# Big Data HW1
## April 2022 
- Efrat Levy 301035184
- Edan Shahmoon 
- Ilan Vasilevsky 322545682

In [1]:
import redis
from pymongo import MongoClient
from pymongo.errors import ConnectionFailure
import time
from datetime import datetime,timedelta
import pandas as pd

# Setup
functions for connecting and setting up the databases 

In [2]:
current_env = 'production' # 'docker' for development on docker, 'production' for real server
current_user = 'stud10'
ENV = {"docker": '172.17.0.1',"production":'bdl1.eng.tau.ac.il'}
companiesSet = current_user+":company:names"
open_jobs = current_user+":oj:"
cand_app_set = current_user+":candidate_application"
redis_db_num = 10

### Connections

In [3]:
def connect_to_redis(db_num=redis_db_num,port=6379):
    # We connect to redis on a specific database (db_num) to not interuprt other students
    r = redis.StrictRedis(host=ENV[current_env], port=port, socket_connect_timeout=10,db=db_num)
    r.ping() # send ping to verify that a connection established to redis
    print('connected to redis on "{}", port {}'.format(ENV[current_env], port)) 
    return r

def connect_to_mongo(port=27017):
    if current_env == 'docker':
        client = MongoClient(host=ENV[current_env],port=port, connectTimeoutMS=10000)
        # client.admin.command('ping') # try to ping mongo server
        print('connected to MongoDB on "{}", port {}'.format(ENV[current_env], port))
    
    elif current_env == 'production':
        client = MongoClient()
    return client


### Initializiation 

In [4]:
def setup_mongo(client):
    db = client[current_user]
    companies = db.companies
    print("companies collection created in {} db".format(current_user))
    return db, companies

def reset_redis(r):
    r.flushdb()
    print('redis database number {} is clean'.format(redis_db_num))

def reset_mongo(client):
    client[current_user].companies.drop()
    print("mongo is clean")

def restart():
    # connect to dbs
    r = connect_to_redis()
    client = connect_to_mongo()
    # clean dbs
    reset_redis(r)
    reset_mongo(client)
    # setup the databases
    db, companies = setup_mongo(client)
    print("restart completed")
    return r, client, db, companies

# Operation 1 - Add a new company
We save the company names in Redis for the time efficiency of this operation. The function does the following: <br>
- Checks if company name  exists in redis
- If not, checks if the company exists in Mongo
- If not, the company does not exist so we save the new company to the database.

In [5]:
def is_company_exists(r, companies, company_name):
    # check if company name in comapny set on redis
    if r.sismember(companiesSet, company_name):
        return True
    
    # if not, verify against mongo
    elif companies.find_one({"company_name": company_name}) is not None:
        return True
    
    else:
        return False
    
def add_company(r, companies,company_dict):
    # getting dict for the company and insert it to db
    if 'company_name' not in company_dict:
        # raise ValueError("company dict must have company_name field") #no errors allowed
        print("company dict must have company_name field, no changes were commited to db")
        return None

    else:
        company_name = company_dict['company_name']
    
    # verify that company name is unique
    if(is_company_exists(r, companies, company_name)):
        # raise ValueError("company name already taken") #no errors allowed
        print("company name already taken, no changes were commited to db")
        return None
        
    # and then insert to mongo and redis
    company_dict['jobs_list'] = [] # initiate jobs list
    companies.insert_one(company_dict)
    r.sadd(companiesSet, company_dict['company_name'])
    print("%s Added successfully!"%(company_name))
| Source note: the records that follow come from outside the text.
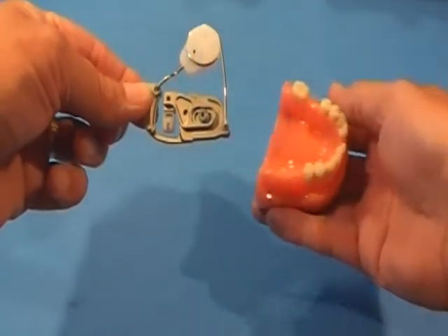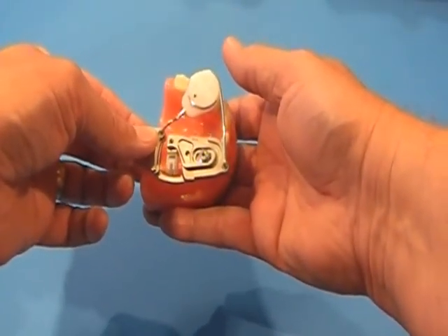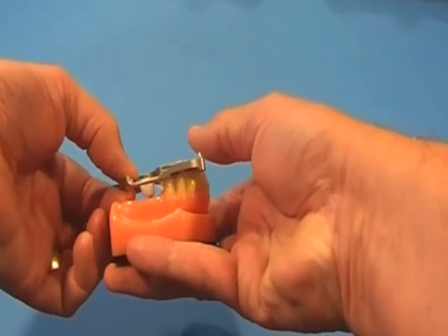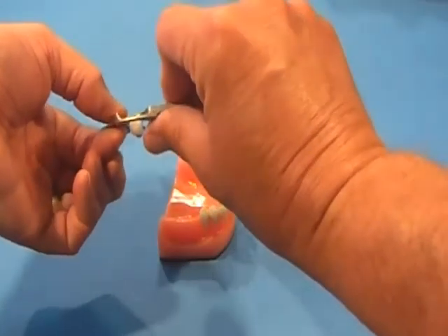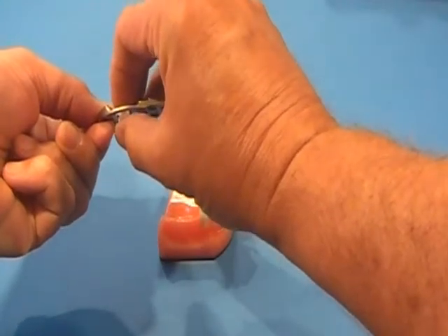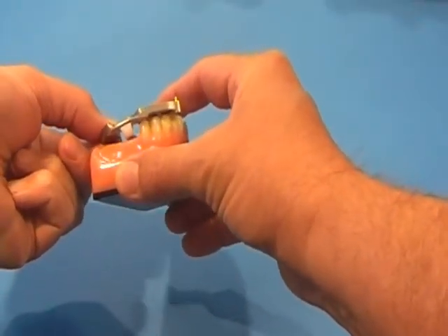The guide itself also has four unique features. First, it is one size fits all. With this cross arch platform, it easily adapts to any arch form. And if needed, you can easily bend the guide to conform to any unusual occlusal plane.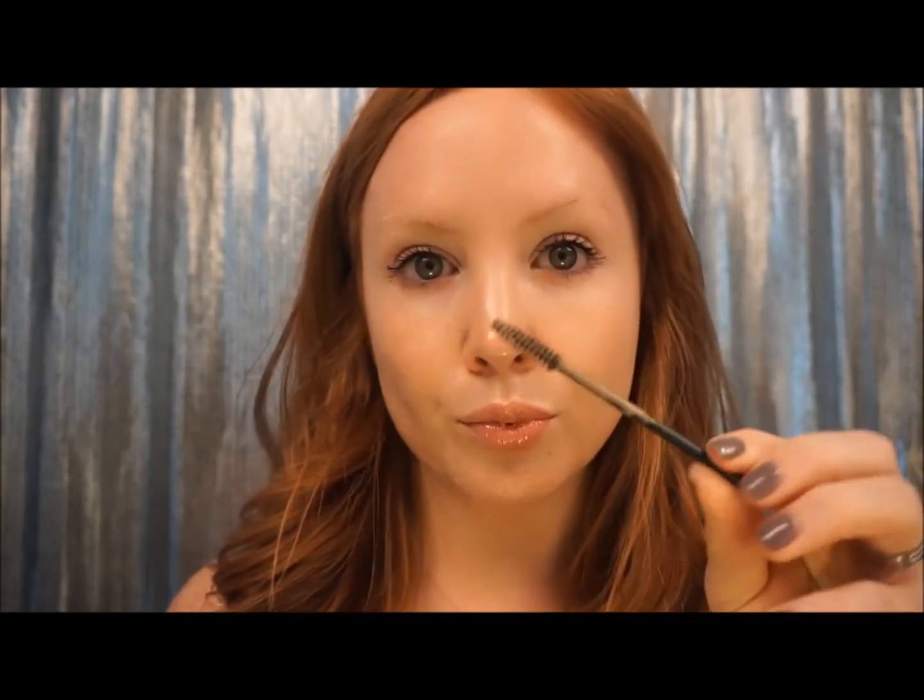This stuff has really changed the way I do my eyebrows — just the time it takes — it makes it really, really easy. I just want to show you how I do it. It comes with this little spoolie, whatever you call it, little brush. So I'm just going to jump right in and show you how I do my eyebrows.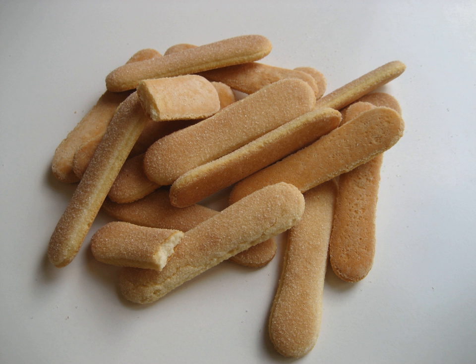In Germany: Löffelbiskuits (spoon cookies/biscuits). In Greece: Boudoirs, from the original Italian name. In Hungary: Baba piškóta (baby sponge cake). In Indonesia: Kulidah (cat's tongue cookies). In Iran: Latifa. In Macedonia: Biskviti. In Mexico: Soletas (little souls).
# Operation 2 - Add a new job position
For time efficiency of operation 6 - we keep the number of open jobs in Redis in a `key:value` format. The key is `location:job title`. <br> This function does the following: <br>
- checks if company exists
- Mongo update: adds job to mongo database
- Redis Update: if the job status is open, increase the value for key location:title by 1. If the key doesn't exist, it creates it and sets the value to 1.

In [6]:
def generate_job_id(companies, company_name):
    match = {'$match' : {'company_name':company_name}}
    project = {'$project': { 'max_id': { '$size':'$jobs_list' }}}
    res = companies.aggregate([match,project])
    return list(res)[0]['max_id'] + 1

def add_job(r, companies, job_dict, company_name):
    # ASSUMPTION: there is no option to delete jobs (so counting jobs can be used to generate job id)
    if not (is_company_exists(r, companies, company_name)):
        print("company doesn't exist")
        return
    
    # generate job id and insert to the company object
    job_dict['job_id'] = generate_job_id(companies, company_name)
    job_dict['application_list'] = [] # initiate application list
    companies.update_one({'company_name': company_name}, {'$push': {'jobs_list': job_dict}}, upsert = True)
    # add job to redis
    if job_dict['status'] == 'open':
        title = job_dict['job_title']
        location = job_dict['location']
        key_string = open_jobs + "%s:%s"%(location,title)
        res = r.incr(key_string)
        print('There are now {} open jobs for: {} in {}'.format(res,title,location))
    
    print("job with id %s was added to %s jobs successfully!"%(job_dict['job_id'], company_name))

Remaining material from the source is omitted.